Öncesi 1658 ada 9 parsel olan dava konusu taşınmazın, 27.10.1960 tarihinde paylı mülkiyet şeklinde 1/3 oranında...,...ve ... adlarına tescil edildiği, 14.12.2000 tarihinde imar uygulaması ile bir çok ada ve parsellere ayrıldığı, dava konusu taşınmaz bölümünün 10104 ada 1 parsel numarasıyla 74.04 m2 olarak aynı malikler adına tescil edildiği, 13.9.2006 tarihinde tapuda mirasçıları ...’na intikal gördüğü, aynı tarihte dava dışı birçok parsellerle birlikte ...’e satıldığı, tapunun beyanlar sütununda üzerindeki binanın ...’e ait olduğu belirtilmiştir.

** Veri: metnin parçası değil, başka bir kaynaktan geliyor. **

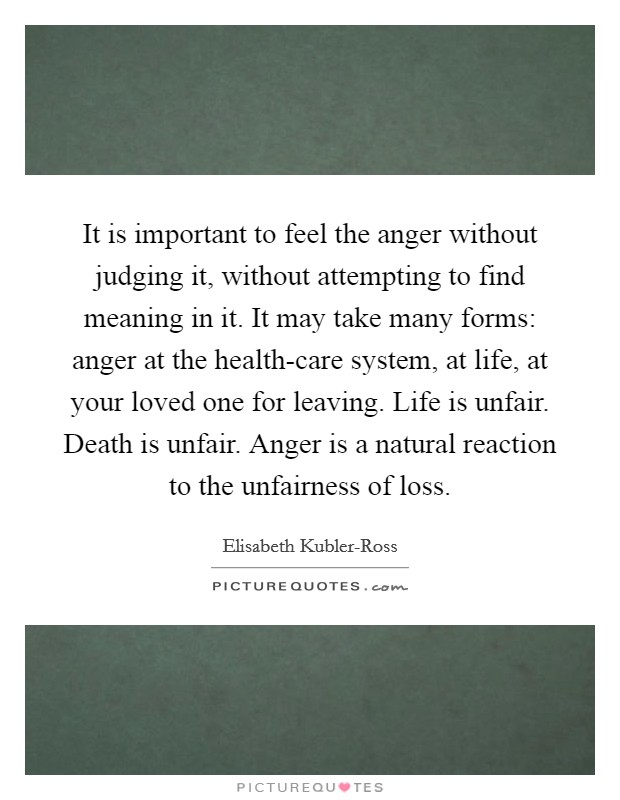 It is important to feel the anger without judging it, without attempting to find meaning in it. It may take many forms: anger at the health-care system, at life, at your loved one for leaving. Life is unfair. Death is unfair. Anger is a natural reaction to the unfairness of loss Picture Quote #1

Mirasçılık belgesine göre, tapu maliklerinden... 24.7.1973, Yasimani (Yusumani) Taşçıoğlu 20.4.1980, ... ise 25.8.1962 tarihinde ölmüşler ve tek mirasçı olarak ...’nu bırakmışlardır. Dosya içeriğine, tanık anlatımlarına göre, intikal tarihi itibariyle dava konusu taşınmazın 20 yılı aşkın süreden beri dosya arasında bulunan mirasçılık belgesine göre davacıların miras bırakanı olan ... ve davacıların malik sıfatıyla davasız, aralıksız, eklemeli zilyetliğinde olduğu anlaşılmaktadır.
Davalı ... vekili, dava konusu taşınmazın tapu kaydına güvenilerek iyiniyetle satın alındığını ileri sürmüştür. TMK.nun 1023. maddesinde aynen “Tapu kütüğündeki tescile iyiniyetle dayanarak mülkiyet veya bir başka ayni hak kazanan üçüncü kişinin bu kazanımı korunur” denilmektedir. Somut olayda, ... ile tapu maliki ... arasında vekalet ilişkisinin bulunmasına, aynı tarihte ve aynı ana parselden bölünme birçok taşınmazların davalı tarafından satın alınmasına ve yukarıda açıklandığı gibi tapunun beyanlar sütununda üzerindeki binanın ...’e ait olduğuna ilişkin açıklamanın yer almasına, tanık anlatımlarına göre ...’in satın alma sırasında uyuşmazlık konusu yerin ... ve mirasçılarının zilyet ve tasarrufunda olduğunu bildiği yada bilmesi gerektiği, iyiniyetli olmadığı sonucuna varılmakla davacılar Gülşen ve ... lehine kazanma koşullarının oluştuğu, iyiniyetli sayılmayan ...’in TMK.nun 1023. maddesinden yararlanamayacağı gerekçesiyle yazılı şekilde davanın kabulüne karar verilmesinde bir isabetsizlik görülmemiştir.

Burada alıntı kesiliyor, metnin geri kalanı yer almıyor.